Encoding has never been a one-size-fits-all undertaking, whether you're scaling your output to requirements set by your client or gauging what your end-users can handle. Your encoding parameters should cover a range, or ladder, of settings for adaptive encoding, from lowest-common denominator to the highest bitrate and resolution your clients desire or your end-users will be able to play. In this two-part series from his Streaming Media East 2016 presentation, "How To: Fine-Tuning Your Adaptive Encoding Groups With Objective Quality Metrics," Jan Ozer offers recommendations for adaptive bitrate encoding settings, taking into account not only the high and low end but the key points to hit in between. He also touches on the cost/benefit of budgeting for higher bitrates. 

Part 1 focuses on data rate options. Watch Part 1, How To Build Your Encoding Ladder, Part 1: Bitrates.

Learn more about encoding bitrates at Streaming Media West.

Read the full transcript of Jan Ozer's remarks in this clip:

Jan Ozer: What resolutions are you going to use at each data rate? Here's where you just start encoding files at different resolutions and coming up with different PSNR ratings. This is is essence kind of what Netflix did. They used a different way of getting here, but they basically encoded files at 1080p, 720p, 540p, 360p, and these are all the typical resolutions you want to encode at. These are the raw numbers. Then, again, by using a tool in your spreadsheet, you have a column over here that has what's the maximum between this and this, and then which value matches the maximum.

We'll turn that one green, so we know immediately which data rate is the highest-quality alternative, and then we turn it into a chart, where we have the ability to very quickly say, "OK, what's the best stream at 3Mbps? Well, it's the 1080p stream. What's the best stream at 1,500Kbps? Well, it's the red stream. It's the 720p stream, so at any point you can see the highest resolution for a quality perspective, you can also see which sizes are never the highest quality, so this is the 180p stream, and this chart convinced the client to just drop the 180p stream, because it's never the best quality according to these numbers.
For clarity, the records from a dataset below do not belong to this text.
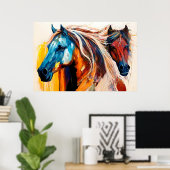 Colorful Horses Vibrant Art ポスター (ホームオフィス)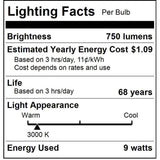 6Pk - 9w Short Neck LED PAR30 E26 Base 3000K Reflector Bulb - 75w equiv_6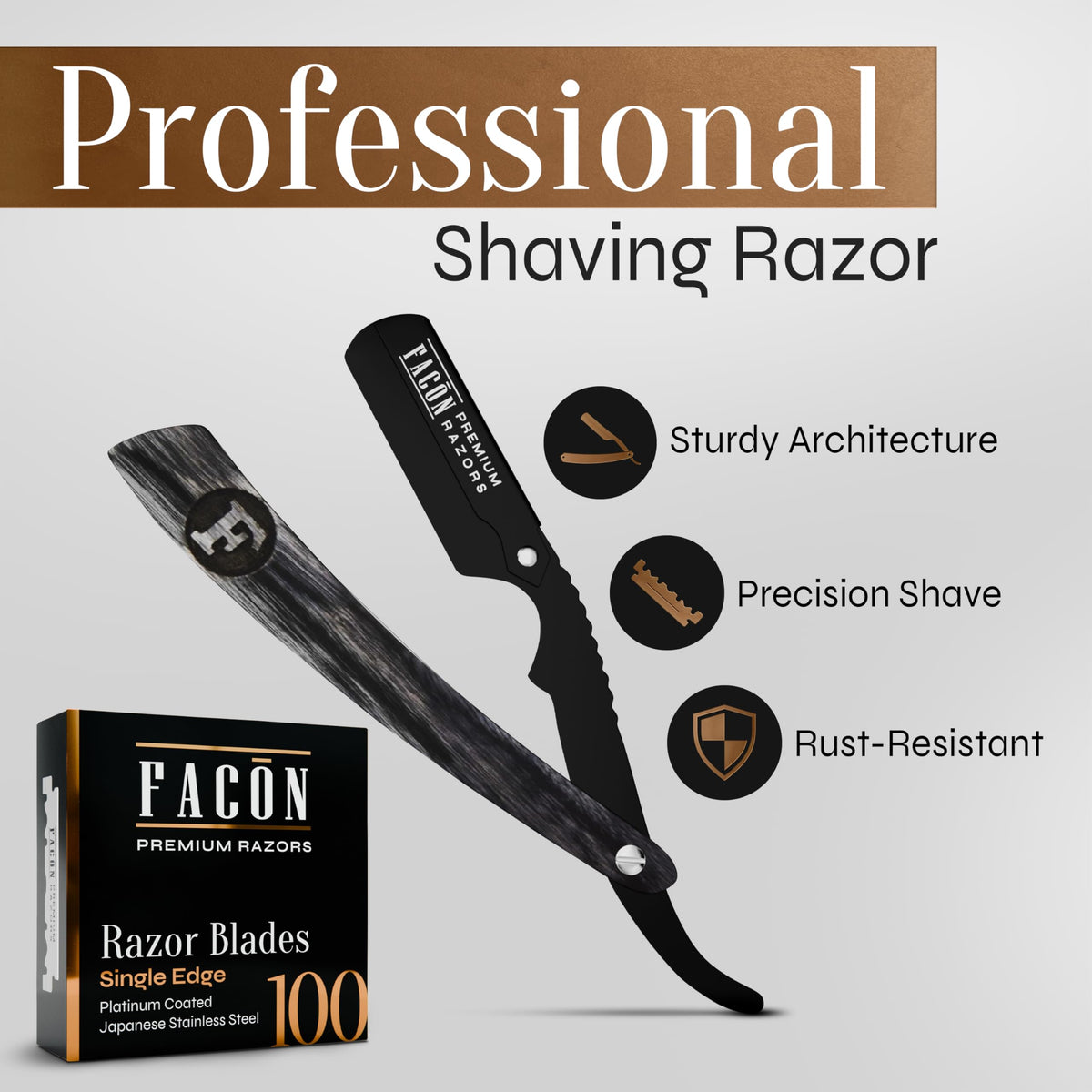 FACON handle close-up showing ergonomic wooden grip for better control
The 270p stream doesn't have long to live either. It's really not providing a lot of value at any data rate, so at any point, you can see what the highest quality resolution is. You can see which sizes are never going to catch up, and you can also gauge the scope of the quality curve, so a lot of questions you get are, "I said I wanted 4,600 Kilobits per second. Should I go higher? Well, if you can show them this curve, you can say, "If you go from here to here, you're really not gaining that much. You gain a whole lot when you go from here to here. Going out towards that end, you don't gain a lot of quality."

All this stuff is really, really simple once you have the data.